Monday, Jul. 22, 2002 / 6:29 p.m.

~Can You Feel It?~

I'm sitting today. Can't really concentrate to read. Just sitting, looking around, headphones on ("18"), headphones off. Phone rings, answer, assist, hang up, sit, look around, headphones on, off, repeat.

Read a paragraph or two. Phone rings.

This is today.

Constant thoughts of tomorrow. What would you do if you knew you might meet the object of your distant obsession? He's distant, the obsession is near. How long have I been going on and on about him? Since I joined his message boards last October? Since I began reading his journal? Was that in October as well?

Reading him, anticipating his album, buying the album, listening to it incessantly, criticizing it, loving it, listening to it now even. Even now. Buying more of his music, reading him, reading about him, listening, always listening, reading, listening and reading.

And tomorrow I'll stand feet from him. Do you have any idea what it feels like? Like meeting Anthony Bourdain, or Loudon Wainwright III felt. Except multiplied by maybe 100.

Read the boards at Moby.com, read the stories of the people who've met him on this tour so far. So far, so many. Waiting for him by his tour bus, going backstage to his dressing room, hanging out, getting things signed, talking, all of them on this cloud called "9".

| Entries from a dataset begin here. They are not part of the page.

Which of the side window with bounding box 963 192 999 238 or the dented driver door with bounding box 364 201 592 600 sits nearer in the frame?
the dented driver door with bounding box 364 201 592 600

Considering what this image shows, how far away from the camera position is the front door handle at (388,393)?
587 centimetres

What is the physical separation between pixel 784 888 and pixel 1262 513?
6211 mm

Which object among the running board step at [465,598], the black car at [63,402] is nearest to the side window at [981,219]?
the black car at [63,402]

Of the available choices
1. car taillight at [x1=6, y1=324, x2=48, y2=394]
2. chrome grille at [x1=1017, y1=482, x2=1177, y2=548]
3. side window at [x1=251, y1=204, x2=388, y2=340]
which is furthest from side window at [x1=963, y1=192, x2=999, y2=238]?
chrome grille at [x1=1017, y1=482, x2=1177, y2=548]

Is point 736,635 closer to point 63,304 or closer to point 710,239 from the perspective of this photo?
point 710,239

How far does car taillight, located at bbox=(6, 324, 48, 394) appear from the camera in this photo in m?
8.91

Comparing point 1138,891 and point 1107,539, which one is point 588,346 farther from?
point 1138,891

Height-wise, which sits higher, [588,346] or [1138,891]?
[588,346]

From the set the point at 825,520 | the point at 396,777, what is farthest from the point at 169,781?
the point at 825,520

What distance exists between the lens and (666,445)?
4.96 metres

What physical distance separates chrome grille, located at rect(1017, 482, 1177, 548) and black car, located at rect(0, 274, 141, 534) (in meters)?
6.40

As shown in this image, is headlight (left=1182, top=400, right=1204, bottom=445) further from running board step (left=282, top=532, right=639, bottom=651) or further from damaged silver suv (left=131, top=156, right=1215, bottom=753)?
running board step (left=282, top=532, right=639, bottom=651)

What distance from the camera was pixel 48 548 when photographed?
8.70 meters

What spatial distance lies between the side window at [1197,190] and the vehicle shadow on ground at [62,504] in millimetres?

So I'm anxious. I'm nervous. And I cannot wait. I mean I will, but I cannot.

Last night, and I wish I knew what time, Norma got in bed and threw herself at me. Waking me up, meowing in my face, licking my arm, trying to get under the covers with me, turning her back to me finally and practically sitting on my face.

This is not her normal behavior. Lately she sleeps on the floor, either on the area rug or on the carpet next to me, just like a dog. Sometimes I get out of bed and step on her, inadvertently of course. But at some point last night she jumped up on the bed and got right in my face, looking at me, yelling at me, telling me something and I have no idea what. And the licking, what was that about? My arm? It was bizarre, not like her at all.

Mark says maybe I was talking in my sleep, maybe I called out to her and she was simply responding. How would I know? I haven't slept with anyone in years, I don't even know if I talk in my sleep. Or she woke from a dream and had to see me, had to tell me she loves me.

It was so strange though, it still sticks with me.

I saw Lulu rushing in after her lunch break earlier, and she was late, her food in bags, almost running to the time clock, but insisting I walk ahead of her, so I let her go, and she half smiled at me, and I at her, and for a brief moment I was reminded of what it was like when I liked her.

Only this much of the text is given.